I’m in Manchester, England, for a Liberty Fund colloquium on the great free-trader Richard Cobden. More on this man and his work in later posts.
My friend Steve Davies (organizer of the colloquium) told me this morning about the privitization of railways in the U.K. It was done during the prime-ministership of John Major. It was done unwisely. Franchises for the tracks and the stations were sold separately from franchises for the rolling stock which were sold separately from the franchise to run the maintenance which was sold separately from the franchise to operate the track signalling.

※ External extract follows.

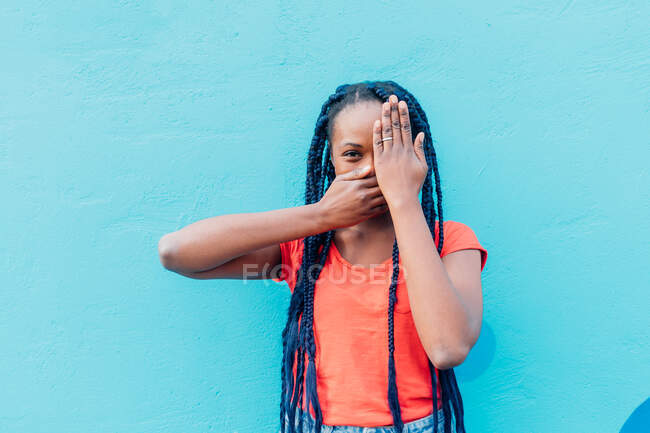 Italy, Milan, Young woman covering mouth and eye in front of blue wall — Stock Photo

Importantly, this separation in the ownership and management of these various aspects of running railroads cannot be altered by, say, Virgin (owner of a franchise to operate rail service) buying the tracks over which its trains run or by buying the maintenance operations that service its trains.

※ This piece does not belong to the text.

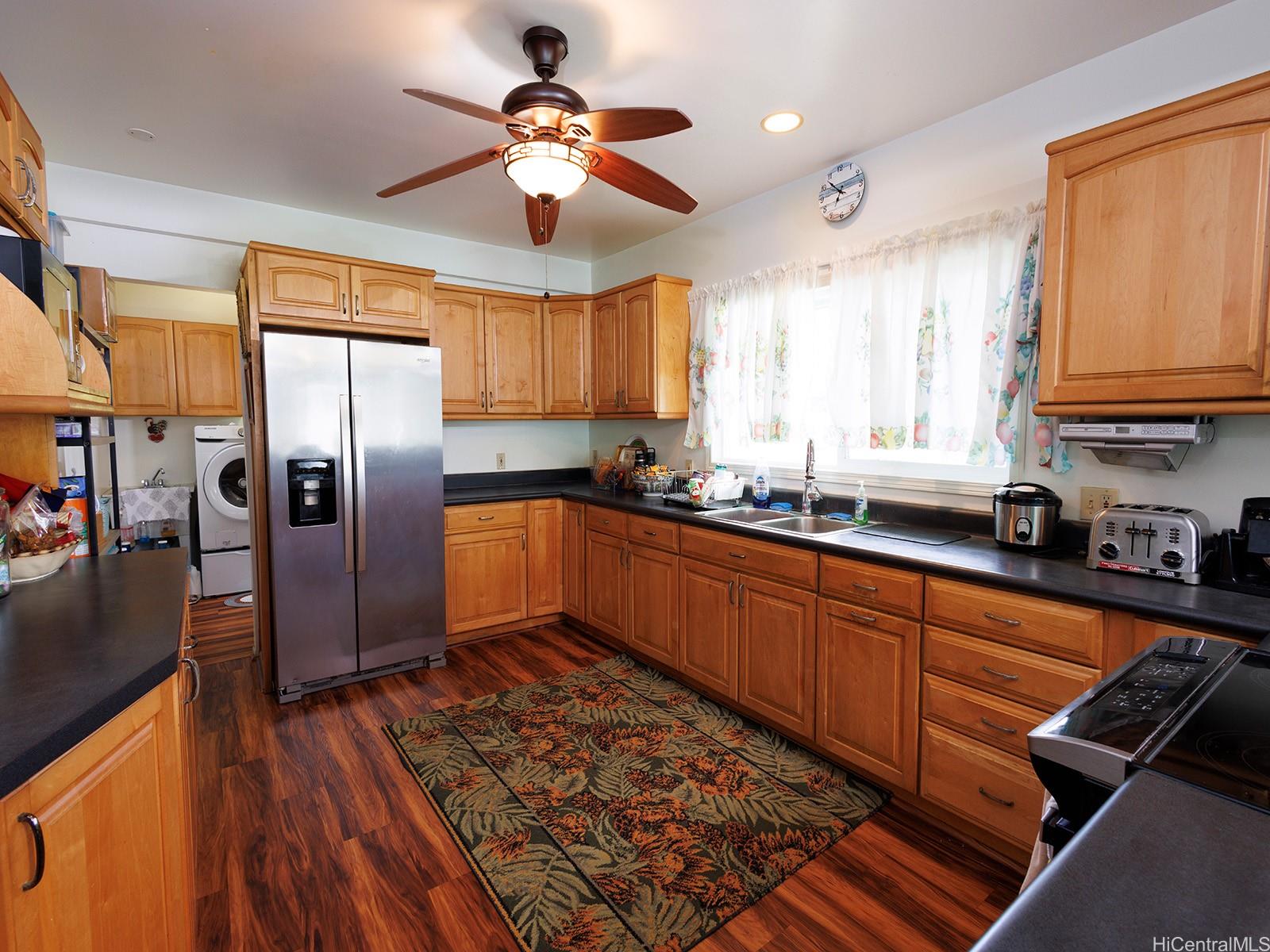 51-450 Kekio Road Kaaawa, HI 96730 - Photo 12 of 25 a kitchen with stainless steel appliances granite countertop a refrigerator a sink dishwasher a stove and white countertops with wooden floor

Steve — a native Brit — reports that privitization has improved rail service (as evidenced in part by the much-increase ridership), but that the service improvements are not what they could have been if the different franchisees were permitted to buy and sell parts of their different operations.

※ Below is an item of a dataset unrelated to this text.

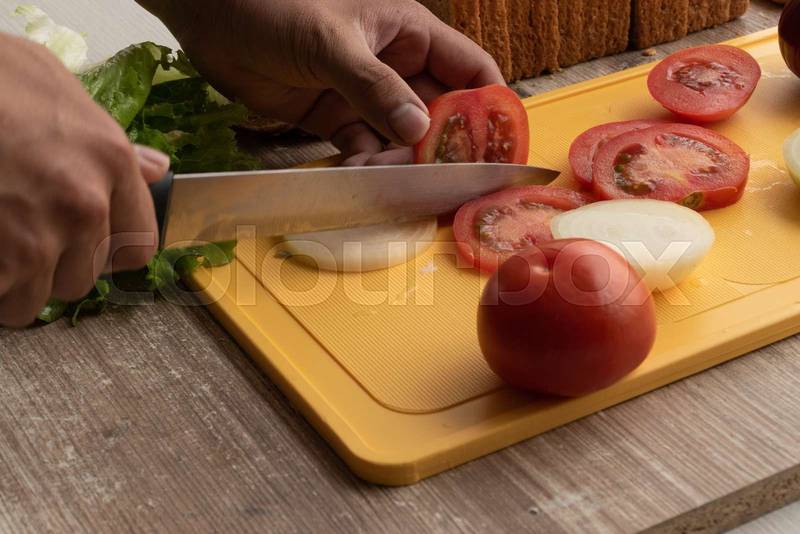hand of a person with a knife cutting fresh vegetables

As Steve points out, “this is a great Coasean experiment, showing that Coase was right”. Coase, of course, wrote what is still the definitive article on why firms exist and what determines how much of their inputs they produce themselves and how much they purchase from outside suppliers. If a firm can raise its profits by supplying its own maintenance service than by contracting out for such service, it will do so. Consumers in the end will be better served, either through lower prices or improved service or both.
But the political prohibition against greater or lesser vertical integration — that is, the prohibtion on U.K. railway franchisees changing how much of their operations they perform in-house and how much they purchase from outside suppliers — means that a critical tool is kept from managers who wish to improve rail service in the U.K.